Stock and bond investors continue to duke it out with stock investors trying to bring the bond market down in order to flush bond investors back into stocks. Stock investors are running out of time as the market is being led by only a few stocks now and volatility is low. Bond investors know the economic data remains on their side, yet the market keeps pressing interest rates higher. Only one side will win, and the battle is soon to end as stock investors are running out of road.
The bond market has been leaving clues to investors that it will be the winner, as several gaps between closing and opening yields have been made recently. Nearly every gap in yields, or price in the case of stocks, is eventually filled. The more gaps formed, the more likely those gaps will be filled in the short term. Ten- and thirty-year yields have a couple of gaps, with one right near their all-time lows.
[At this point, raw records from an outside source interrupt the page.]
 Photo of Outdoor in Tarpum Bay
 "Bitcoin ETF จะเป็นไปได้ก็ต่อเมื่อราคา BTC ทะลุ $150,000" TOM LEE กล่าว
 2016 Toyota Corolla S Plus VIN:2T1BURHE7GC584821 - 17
Treasury yields gapped down in overnight trading and rose in early trading to close their overhead gaps while stock prices got off to an early start as stock investors try to push stock prices back to their all-time highs. It is worth noting that back in September when stock prices came near their all-time highs, 10-year Treasury yields hit 1.9%. With stock prices back near their September highs, 10-year Treasury yields are holding at 1.8%, validating the bond market is not buying into the equity market euphoria.
The USDA has admitted that the Fall growing season has ended due to freezing temperatures. However, the USDA has also decided to maintain its lofty yield estimates without any downward revisions, as if the crops have matured to perfection. Why the USDA is doing this is unknown, but until the final harvest numbers come in, crop prices are likely to remain low.
The New York Fed pumped $99.9 billion of short-term liquidity into the markets today. The 14-day term repo operation was 1.5 times oversubscribed as bids for $52.5 billion in loans came in against the NY Fed’s $35 billion offer. Overnight repo demands also increased as the NY Fed accepted $64.904 billion of bids. The NY Fed also purchased $7.501 billion of short-term Treasury Bills this morning but had offers of $41.472 billion, making the offer 5.5 times oversubscribed as the banks scramble for liquidity.
Validating my view that long-term interest rates are too high, Existing Home Sales missed expectations for a -0.7% drop in September by falling -2.2% for the month. Existing home sales SAAR fell from 5.50 million to 5.38 million as lower interest rates are not offsetting higher home prices. Home prices are up 5.9% over this time last year with housing inventory at a 4.1-month supply.
The Richmond Fed Survey of Manufacturing Activity shows improvement as the survey rose from -9 in September to +8 in October, showing manufacturing is improving. Manufacturers added employees, but wages fell as the workweek increased. While the report did show improvement, prices received crashed indicating that lower prices aren’t low enough to increase demand.
Today’s $40 billion 2-year Treasury Note auction saw strong demand as foreign bidders took 54.8% of the auction and domestic bidders took 14.0% of the auction, leaving securities dealers with 31.2% of the total auction. Yields dipped slightly following the auction.
After winning the first motion, Boris Johnson’s “program motion” to expedite the Brexit withdrawal was defeated. Brexit will now have to take a more reasonable timetable. After briefly turning higher on the passage of the first bill, stocks and Treasury yields fell after the second bill was defeated.
After injecting nearly $100 billion into the financial system today, the S&P 500 couldn’t hold 3,000 points as it closed four points below the psychological mark. Treasury yields fell along with stocks following the Brexit vote that will slow the process down. Crude oil rallied today on hopes that OPEC+ may further cut production at their upcoming December meeting.
The American Petroleum Institute reported crude oil inventories as Crude: +4.45mm (+2.75mm expected), Cushing: +1.988mm, Gasoline: -702k, Distillates: -3.491mm. Crude oil fell in after-hours trading following the report.